Hier soir, quelques représentants de sound systems étaient présents à la réunion publique de Laillé : ils reconnaissent que les organisateurs des rave de ces dernières semaines ont dérapé, et ils proposent d'intervenir pour sensibiliser les teufeurs, comme l'explique "Loutre", membre d 'un sound système brétillien : "ce que l'on peut proposer, c'est de discuter avec tout le monde sur Facebook, de lancer une mouvance pour dire d'épargner la région. Pour dire aux gens d'arrêter de stopper à Laillé, de faire attention aux sites où ils posent, si ce sont des terrains agricoles, le nombre de maisons autour. On a un principe qui s'appelle l'auto-gestion : on n'a pas besoin de l'Etat, de la police ou des amendes pour savoir quand on fait quelque chose de mal ou pas.
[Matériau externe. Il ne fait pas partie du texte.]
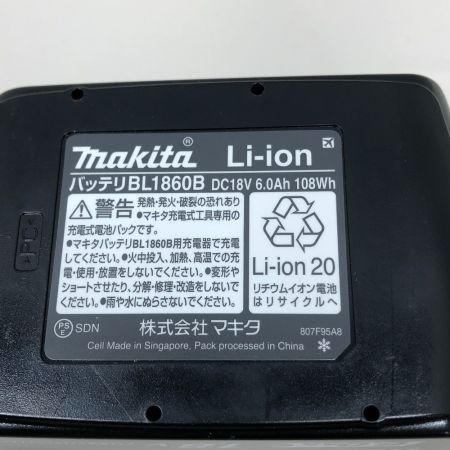  MAKITA マキタ 電動工具 バッテリー 18v  BL1860B ブラック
Tous les sound systems ont leur réputation en jeu, donc je pense que si on communique avec tout le monde, les gens vont faire plus gaffe à l'avenir à ne pas trasher les mêmes sites 3 fois d'affilée."

Titre :Loutre

Crédit :Yann Launay

La free party a une vraie raison d'être 


Venir poser des sons moins souvent dans un même secteur, les sound-systems y semblent prêts, mais de là à organiser une rave comme on organise un festival, c'est une autre histoire. Pour "Loutre", la free party a une vraie raison d'être :


"La rave party est juste la suite logique des fest-noz et du mouvement punk, en fait. C'est juste des jeunes qui n'ont pas beaucoup de tune, et qui se rassemblent. Chacun donne du sien : les cuisiniers cuisinent, les djs mixent... C'est juste des jeunes qui entreprennent les choses, qui sont acteurs du mouvement, plutôt que juste consommer une soirée en boîte de nuit ou en festival... Ça on ne pourra pas l'enlever. Et on parlait des risques sanitaires : regardez le nombre d'évacuations sur les trois dernières teufs, par rapport à n'importe quel festival cadré...ou l'état des sites."